[Caption-style text data]
╔══

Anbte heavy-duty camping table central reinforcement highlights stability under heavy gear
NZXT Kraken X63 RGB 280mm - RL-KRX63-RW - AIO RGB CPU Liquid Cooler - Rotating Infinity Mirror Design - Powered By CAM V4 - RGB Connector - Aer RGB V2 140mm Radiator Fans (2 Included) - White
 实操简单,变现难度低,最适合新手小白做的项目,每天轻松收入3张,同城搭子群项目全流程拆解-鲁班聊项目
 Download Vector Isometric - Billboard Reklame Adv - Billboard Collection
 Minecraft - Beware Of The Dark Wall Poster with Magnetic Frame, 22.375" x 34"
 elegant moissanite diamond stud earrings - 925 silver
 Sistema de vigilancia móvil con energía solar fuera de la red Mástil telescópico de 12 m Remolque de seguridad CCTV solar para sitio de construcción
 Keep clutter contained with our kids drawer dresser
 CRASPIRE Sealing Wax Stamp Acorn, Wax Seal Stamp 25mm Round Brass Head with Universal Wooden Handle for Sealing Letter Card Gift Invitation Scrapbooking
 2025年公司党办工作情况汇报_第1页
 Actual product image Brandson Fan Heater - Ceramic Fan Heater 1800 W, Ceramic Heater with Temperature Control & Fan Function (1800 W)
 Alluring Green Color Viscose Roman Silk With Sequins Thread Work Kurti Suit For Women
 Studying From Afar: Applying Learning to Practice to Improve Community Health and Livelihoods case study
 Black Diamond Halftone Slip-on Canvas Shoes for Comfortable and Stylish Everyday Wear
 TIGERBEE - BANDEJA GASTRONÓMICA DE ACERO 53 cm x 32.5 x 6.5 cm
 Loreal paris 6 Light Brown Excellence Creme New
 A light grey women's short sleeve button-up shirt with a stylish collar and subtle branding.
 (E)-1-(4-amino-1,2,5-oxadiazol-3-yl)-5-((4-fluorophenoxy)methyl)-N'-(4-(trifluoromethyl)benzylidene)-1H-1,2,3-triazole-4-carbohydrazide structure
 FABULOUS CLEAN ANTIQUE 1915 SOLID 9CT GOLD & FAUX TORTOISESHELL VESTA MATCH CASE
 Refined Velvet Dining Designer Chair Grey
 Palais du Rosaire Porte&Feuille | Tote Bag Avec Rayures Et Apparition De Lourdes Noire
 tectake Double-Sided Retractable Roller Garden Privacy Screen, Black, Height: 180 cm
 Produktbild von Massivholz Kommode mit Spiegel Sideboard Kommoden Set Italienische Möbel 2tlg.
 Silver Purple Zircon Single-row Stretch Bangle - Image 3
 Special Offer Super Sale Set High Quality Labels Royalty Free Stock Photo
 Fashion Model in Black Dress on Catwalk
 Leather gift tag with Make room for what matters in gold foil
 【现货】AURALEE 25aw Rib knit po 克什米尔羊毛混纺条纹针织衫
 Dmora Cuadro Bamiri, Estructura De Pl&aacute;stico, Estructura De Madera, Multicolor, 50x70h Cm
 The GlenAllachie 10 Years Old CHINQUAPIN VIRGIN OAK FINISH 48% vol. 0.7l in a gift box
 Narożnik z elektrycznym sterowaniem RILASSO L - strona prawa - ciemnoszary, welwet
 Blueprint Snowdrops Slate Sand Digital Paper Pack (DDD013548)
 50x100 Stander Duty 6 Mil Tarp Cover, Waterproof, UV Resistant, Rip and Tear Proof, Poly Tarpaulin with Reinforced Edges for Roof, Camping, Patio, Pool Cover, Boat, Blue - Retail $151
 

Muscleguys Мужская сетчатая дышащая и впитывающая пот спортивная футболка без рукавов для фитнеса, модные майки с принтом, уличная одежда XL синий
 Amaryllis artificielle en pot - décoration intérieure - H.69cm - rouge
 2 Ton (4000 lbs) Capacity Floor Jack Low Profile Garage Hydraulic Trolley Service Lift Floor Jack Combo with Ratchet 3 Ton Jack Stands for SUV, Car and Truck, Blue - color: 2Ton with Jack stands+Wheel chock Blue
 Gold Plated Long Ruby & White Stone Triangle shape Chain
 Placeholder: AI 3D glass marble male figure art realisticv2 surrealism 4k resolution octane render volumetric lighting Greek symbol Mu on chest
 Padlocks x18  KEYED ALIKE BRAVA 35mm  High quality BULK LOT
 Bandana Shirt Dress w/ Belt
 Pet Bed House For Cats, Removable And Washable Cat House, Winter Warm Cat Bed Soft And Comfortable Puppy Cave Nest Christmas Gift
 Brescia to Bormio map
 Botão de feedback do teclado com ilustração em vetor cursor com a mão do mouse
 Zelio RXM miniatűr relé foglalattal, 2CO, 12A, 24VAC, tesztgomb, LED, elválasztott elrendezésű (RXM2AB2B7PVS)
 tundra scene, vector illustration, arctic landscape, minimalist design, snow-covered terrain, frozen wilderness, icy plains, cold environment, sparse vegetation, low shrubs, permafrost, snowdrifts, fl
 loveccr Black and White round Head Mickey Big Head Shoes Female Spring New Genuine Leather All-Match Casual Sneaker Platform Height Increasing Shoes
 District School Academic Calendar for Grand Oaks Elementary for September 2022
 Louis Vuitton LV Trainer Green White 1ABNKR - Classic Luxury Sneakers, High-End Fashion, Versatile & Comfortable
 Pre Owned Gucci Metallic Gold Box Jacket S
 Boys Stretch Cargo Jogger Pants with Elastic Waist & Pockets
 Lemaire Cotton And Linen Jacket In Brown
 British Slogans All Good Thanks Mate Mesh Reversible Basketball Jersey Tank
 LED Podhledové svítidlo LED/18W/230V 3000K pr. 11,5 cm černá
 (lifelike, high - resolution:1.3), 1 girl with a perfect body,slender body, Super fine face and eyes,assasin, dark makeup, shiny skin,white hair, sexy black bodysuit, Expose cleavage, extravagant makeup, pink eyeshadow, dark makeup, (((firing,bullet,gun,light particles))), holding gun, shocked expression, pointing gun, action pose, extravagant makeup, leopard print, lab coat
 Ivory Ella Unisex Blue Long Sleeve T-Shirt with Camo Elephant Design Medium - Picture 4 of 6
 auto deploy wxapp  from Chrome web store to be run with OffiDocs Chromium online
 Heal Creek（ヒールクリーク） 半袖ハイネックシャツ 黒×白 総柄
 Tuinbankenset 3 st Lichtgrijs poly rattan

╚══

* _EXERCISE GOAL_
The lines that contain the word "Stretch" are wanted; copy each of them from the records.

* _YOUR RESPONSE_
 Silver Purple Zircon Single-row Stretch Bangle - Image 3
 Boys Stretch Cargo Jogger Pants with Elastic Waist & Pockets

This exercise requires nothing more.